The Bronx Branch of Hunter College was first established in 1931.

The campus was the main national training ground for women in the military during World War II. For a decade before the entry of the United States in World War II, only women students attended, taking their first two years of study at the Bronx campus and then transferring to Hunter's Manhattan campus to complete their undergraduate work. During the war, Hunter leased the Bronx Campus buildings to the United States Navy who used the facilities to train 95,000 women volunteers for military service as WAVES and SPARS.

When the Navy vacated the campus, the site was occupied for six months in 1946 by the nascent United Nations, which held its first Security Council sessions at the Bronx campus. From March to August 1946, the first American meetings of the United Nations Security Council were held in the Gymnasium Building where intercollegiate basketball, archery, swimming, and other sports have been played. During festivities marking the 40th anniversary of the United Nations in 1986, the Southern New York State Division of the United Nations Association presented the college with a commemorative plaque, now displayed outside the Gymnasium Building. The college participated in the United Nations' 50th anniversary activities in 1995–96.

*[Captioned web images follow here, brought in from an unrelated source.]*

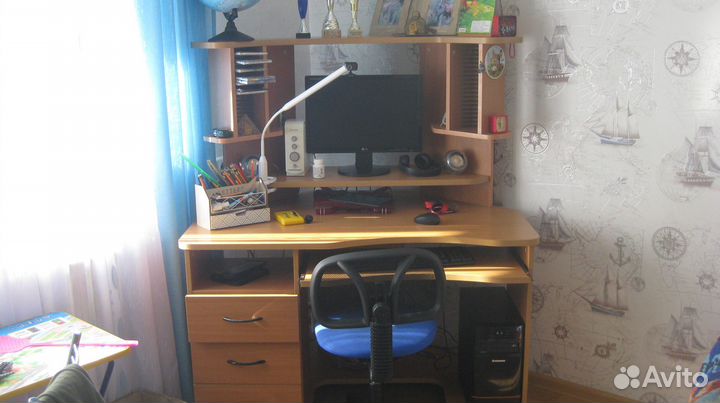 Компьютерный стол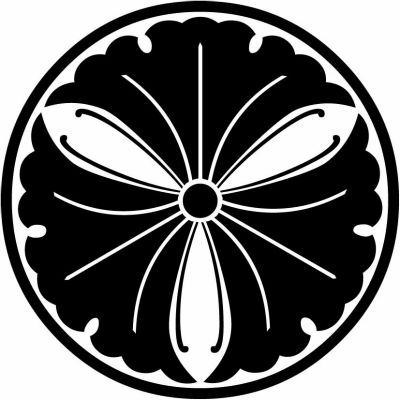 糸輪に三つ蔓銀杏（１）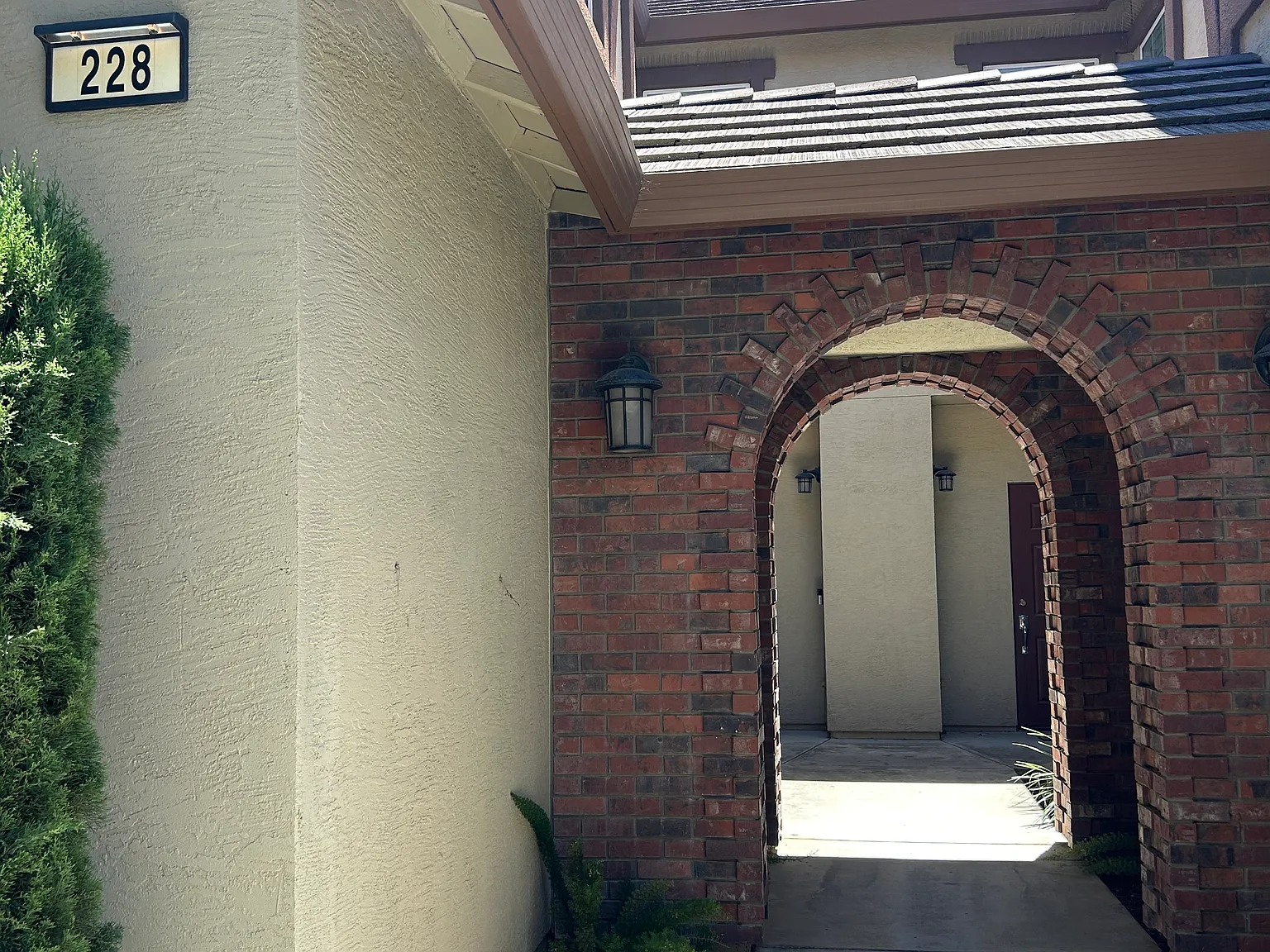 3 bed, 2.5 bath, 1452 sqft, $2,880 — Photo 2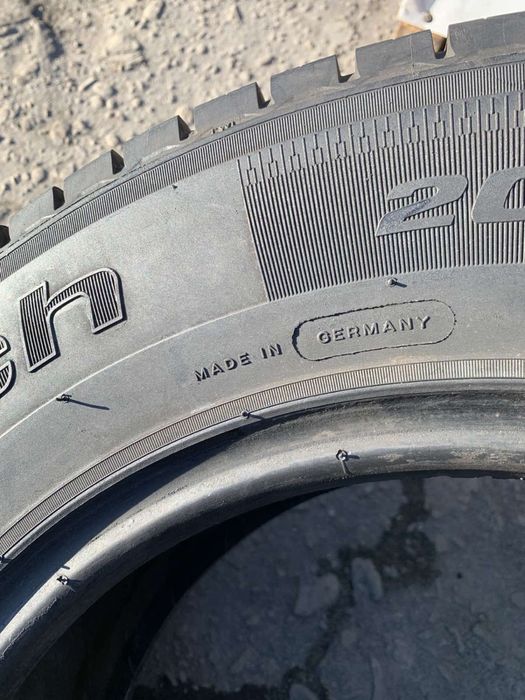 Шини 205/70 R15C BFGoodrich літо 23 рік 9/8 мм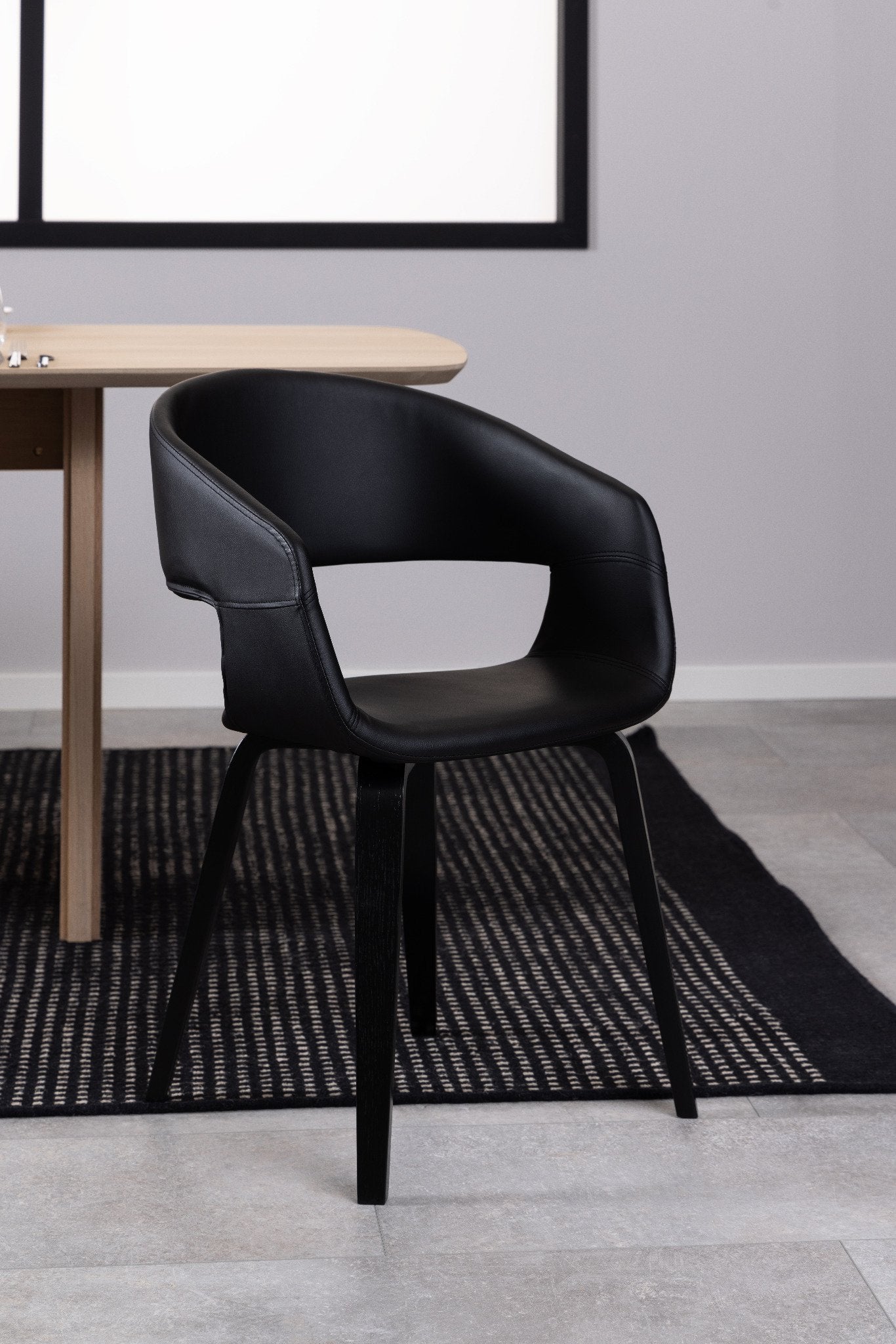 Nova Esszimmerstuhl mit Armlehne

The process of separating Lehman College from its Hunter College-affiliated predecessor began in 1967, culminating in the establishment of an independent unit of the City University of New York on July 1, 1968. This new college, known as Herbert H. Lehman College or Lehman College, was established as a senior undergraduate college. The newly established school was named after Herbert H. Lehman, the former, four-term governor of New York. Lehman College's founding president was Leonard Lief.

A Lehman-Hiroshima campus existed from 1990 to 1994. This campus was established as a study-abroad opportunity for CUNY students as well as an institution for Japanese students to experience an American education system.

President Lief was succeeded by Ricardo R. Fernández in 1991. In 2016, José Luis Cruz was appointed as the third president of the college. In 2019, Cruz was appointed as the CUNY Executive Vice Chancellor and stepped down from the Lehman presidency. On February 21, 2021, the CUNY board of trustees appointed Fernando Delgado to succeed interim president Daniel Lemons as the fourth president of the college.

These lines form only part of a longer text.